What they want to see:
- A signed DPA — this is legally required when processing EU personal data
- A privacy policy that covers lawful basis for processing, retention periods, and data subject rights
- A documented process for responding to DSARs within 30 days
- A record of processing activities (ROPA)
Important: If you use Google Analytics, you may be transferring data to the US without a valid transfer mechanism. EU enterprise buyers will ask about this specifically.
9. Business Continuity & Disaster Recovery
What they ask:
- What are your RTO and RPO for your production services?
- Do you have a business continuity plan?

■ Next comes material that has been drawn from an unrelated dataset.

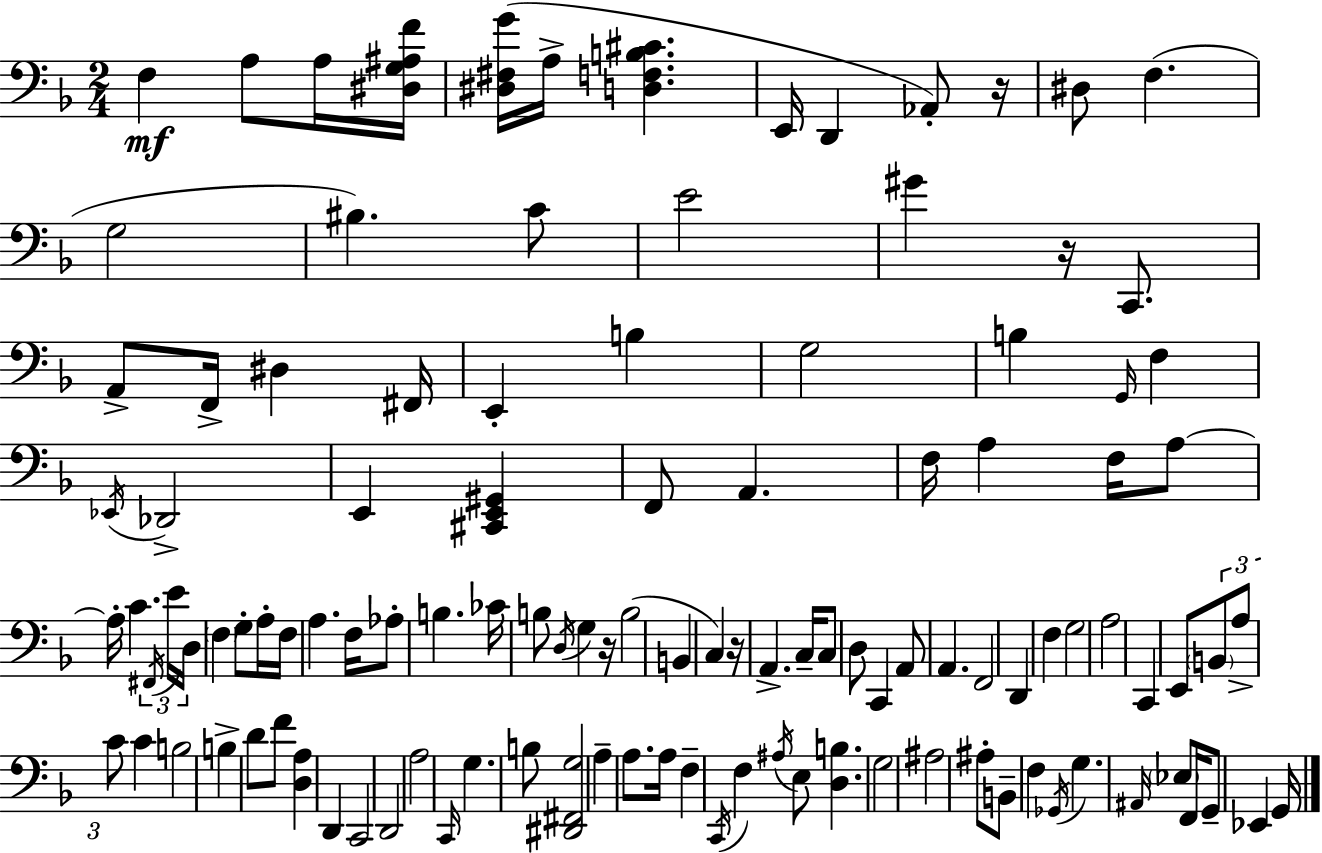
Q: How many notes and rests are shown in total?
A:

- What is your uptime SLA?
- When was your last DR test?
What they want to see:
| Metric | Typical Enterprise Expectation |
|---|---|
| Uptime SLA | 99.9% or higher |
| RTO | < 4 hours |
| RPO | < 1 hour |
| DR test frequency | Annual minimum |
If you're early stage: It's acceptable to have an uptime SLA of 99.9% (8.7 hours downtime/year) if you're transparent about your architecture. What kills deals is claiming 99.99% without the infrastructure to back it up.

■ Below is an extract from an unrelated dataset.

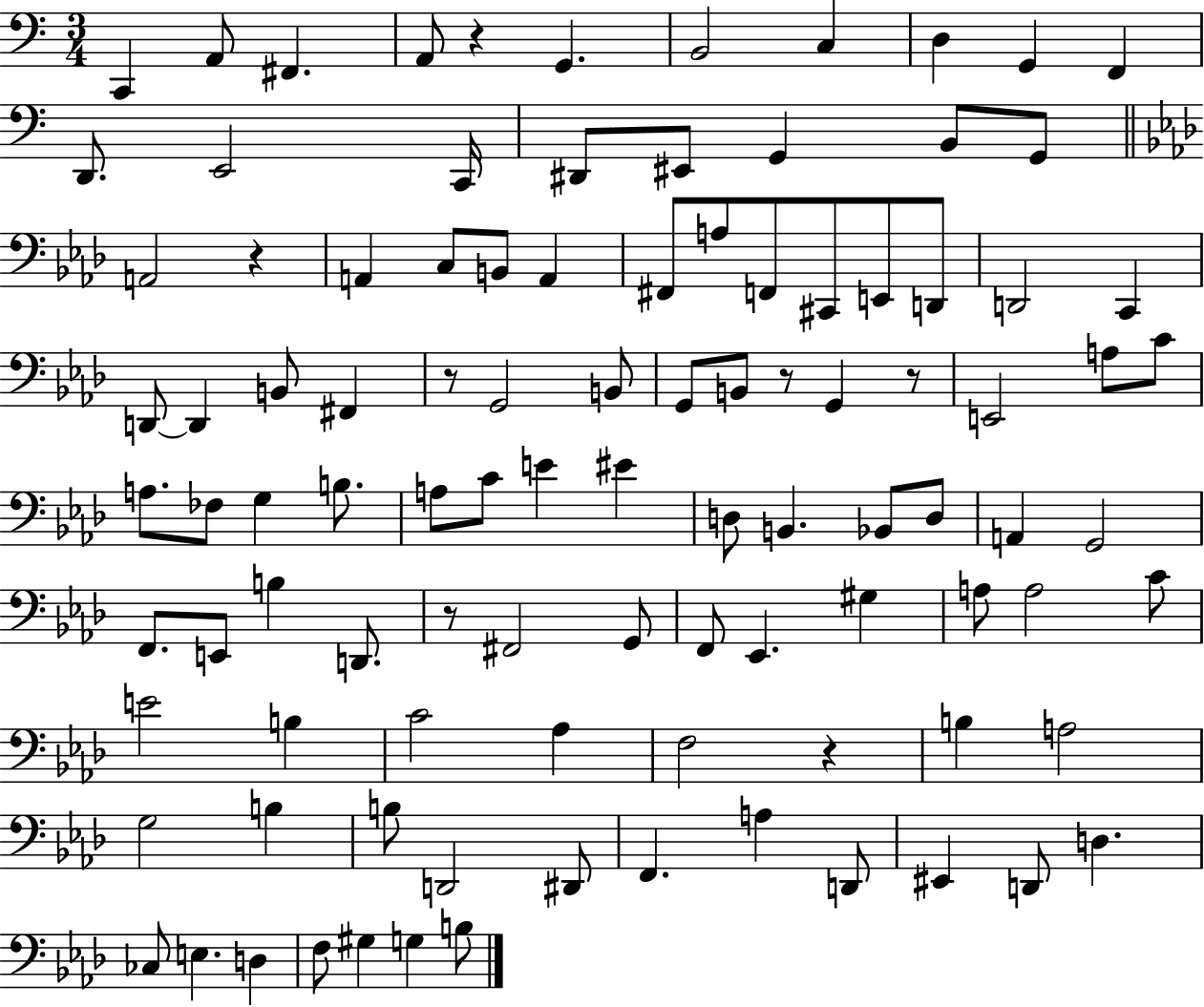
C2/q A2/e F#2/q. A2/e R/q G2/q. B2/h C3/q D3/q G2/q F2/q D2/e. E2/h C2/s D#2/e EIS2/e G2/q B2/e G2/e A2/h R/q A2/q C3/e B2/e A2/q F#2/e A3/e F2/e C#2/e E2/e D2/e D2/h C2/q D2/e D2/q B2/e F#2/q R/e G2/h B2/e G2/e B2/e R/e G2/q R/e E2/h A3/e C4/e A3/e. FES3/e G3/q B3/e. A3/e C4/e E4/q EIS4/q D3/e B2/q. Bb2/e D3/e A2/q G2/h F2/e. E2/e B3/q D2/e. R/e F#2/h G2/e F2/e Eb2/q. G#3/q A3/e A3/h C4/e E4/h B3/q C4/h Ab3/q F3/h R/q B3/q A3/h G3/h B3/q B3/e D2/h D#2/e F2/q. A3/q D2/e EIS2/q D2/e D3/q. CES3/e E3/q. D3/q F3/e G#3/q G3/q B3/e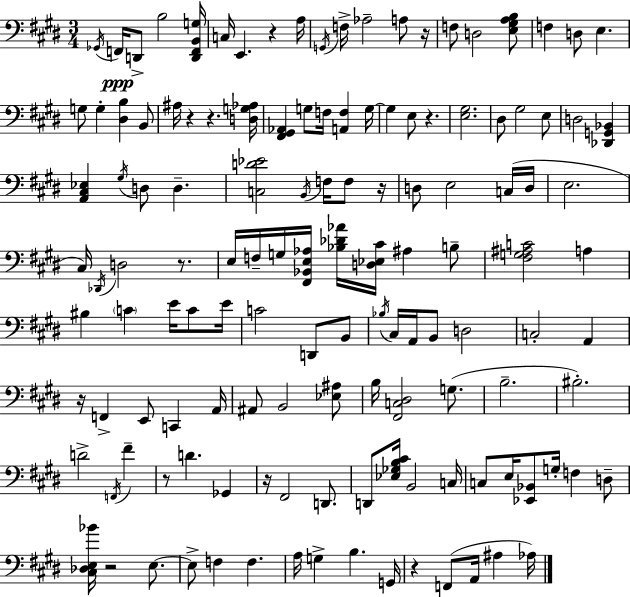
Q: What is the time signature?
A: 3/4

10. Vulnerability Disclosure & Bug Bounty
What they ask:
- Do you have a vulnerability disclosure policy?
- Do you run a bug bounty program?
- How do you handle externally reported vulnerabilities?
What they want to see:
- A published security.txt file at
/.well-known/security.txtorsecurity.txt - A public vulnerability disclosure policy with a response SLA
- A named security contact (security@yourdomain.com)
Mapping to Common Questionnaire Formats
| Topic | SIG Lite Section | CAIQ Domain |
|---|---|---|
| Access Control | A | IAM |
| Encryption | E | EKM |
| Incident Response | I | SEF |
| Privacy/GDPR | P | PII |
| Third-Party Risk | G | STA |
| Business Continuity | F | BCR |
| Vulnerability Management | V | TVM |
The Documents Enterprise Buyers Most Commonly Request
When you reach the security review stage, have these ready to share under NDA:
- SOC 2 Type II report — or a letter of engagement if in progress
- Most recent penetration test executive summary
- Data Processing Agreement (DPA) — pre-negotiated template saves weeks
- Subprocessors list — with links to their own security pages
- Security policy documentation — information security policy, acceptable use policy
- Business continuity/disaster recovery plan summary
Preparing these documents proactively is one of the highest-leverage things a security-focused SaaS startup can do. A security portal with documents ready to share under NDA can turn a 6-week security review into a 1-week review.